"""

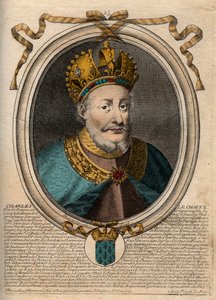 Portret van Karel II de Kale (823-877), koning van Frankrijk. Gravure uit 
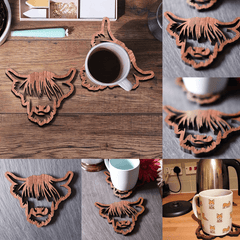 Highland Cow Wood Coaster Anti-Scald Heat Insulation Non-Slip Waterproof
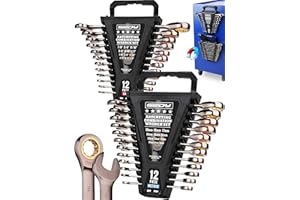 SEDY Premium 24-Piece Ratchet Wrenches Set with Magnetic Organizer, SAE 1/4"-7/8" & Metric 8mm-19mm, Cr-V Steel Ratcheting Wrench Set, Ratchet Combination Wrench Set for Automotive, Machine Repair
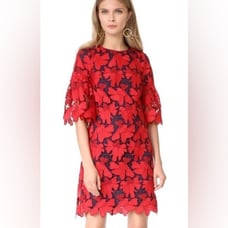 Tory Burch Red Nicola Half-sleeve Guipure Lace Shift Formal Dress Size 8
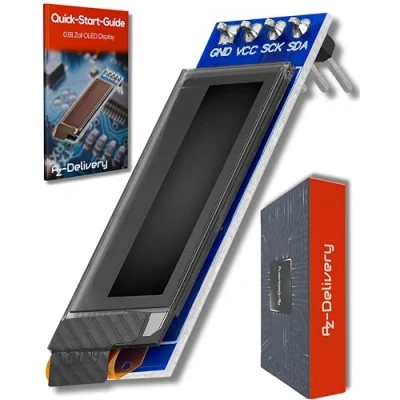 Imagen de AZDelivery 0,91 Pulgadas OLED Display I2C SSD1306 Chip 128 x 32 Pixeles Modulo Visualizacion de Pantalla con Caracteres Blancos Compatible Arduino y Raspberry Pi E Book Incluido!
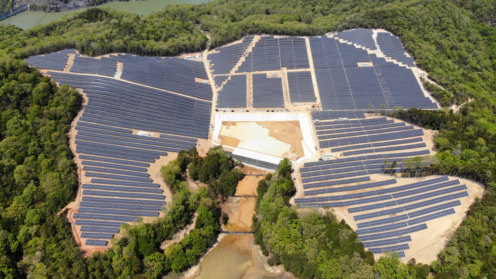 Solarpark "Kamigori" aus der Vogelperspektive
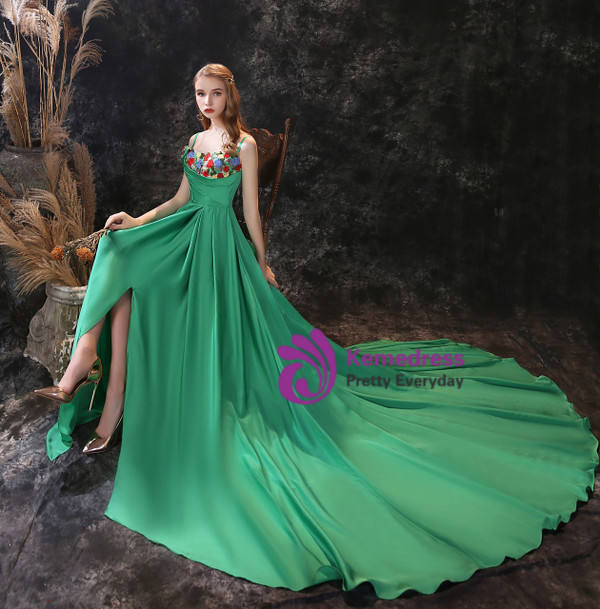 Green Satin Spaghetti Straps Embroidery Flower Prom Dress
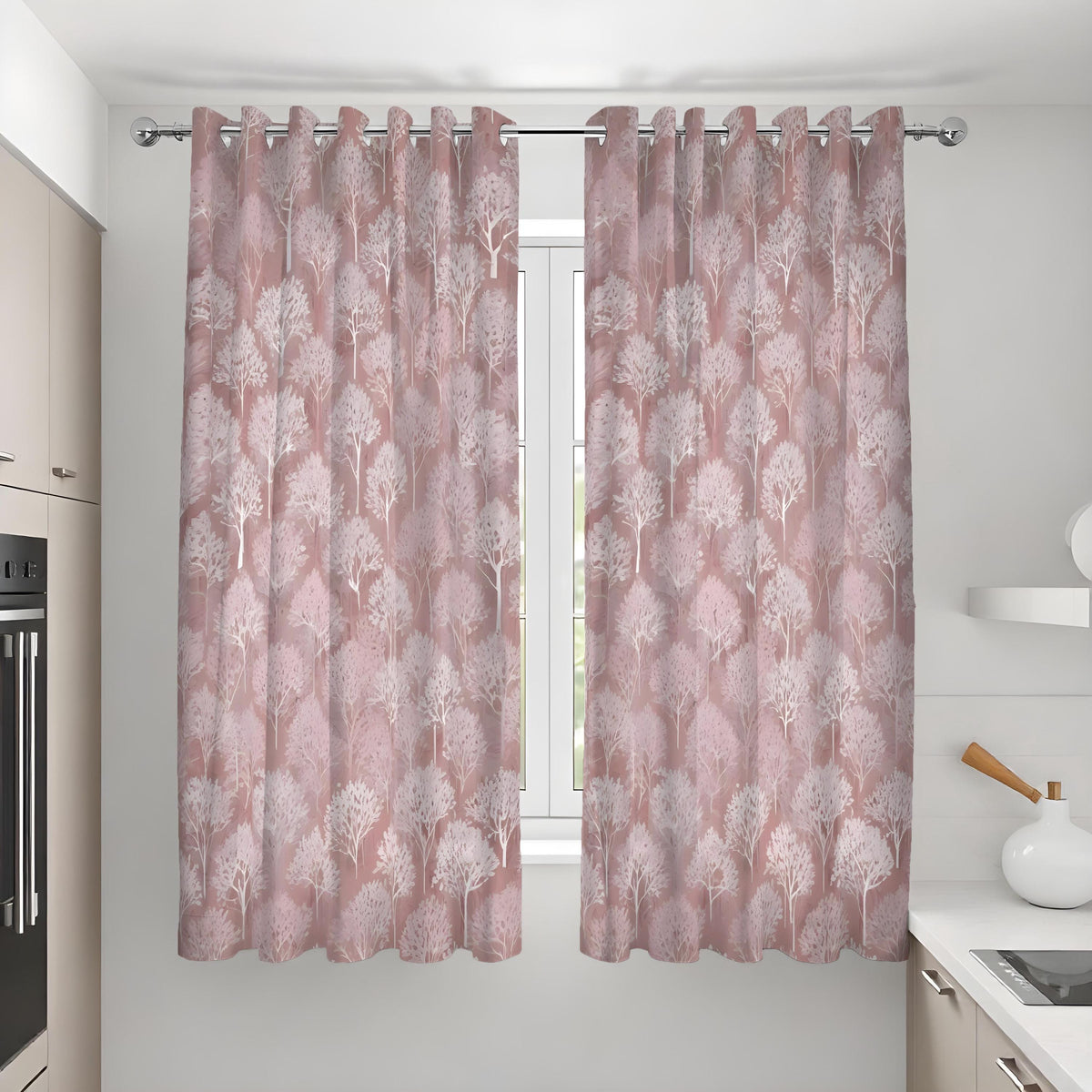 Dusty Rose Tree Curtains, Pink Woodland Silhouette Drapes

"""

With the pictures left out, write out exactly the lines above from the one containing "Tory Burch Red" through the one containing "Green Satin Spaghetti".

 Tory Burch Red Nicola Half-sleeve Guipure Lace Shift Formal Dress Size 8
 Imagen de AZDelivery 0,91 Pulgadas OLED Display I2C SSD1306 Chip 128 x 32 Pixeles Modulo Visualizacion de Pantalla con Caracteres Blancos Compatible Arduino y Raspberry Pi E Book Incluido!
 Solarpark "Kamigori" aus der Vogelperspektive
 Green Satin Spaghetti Straps Embroidery Flower Prom Dress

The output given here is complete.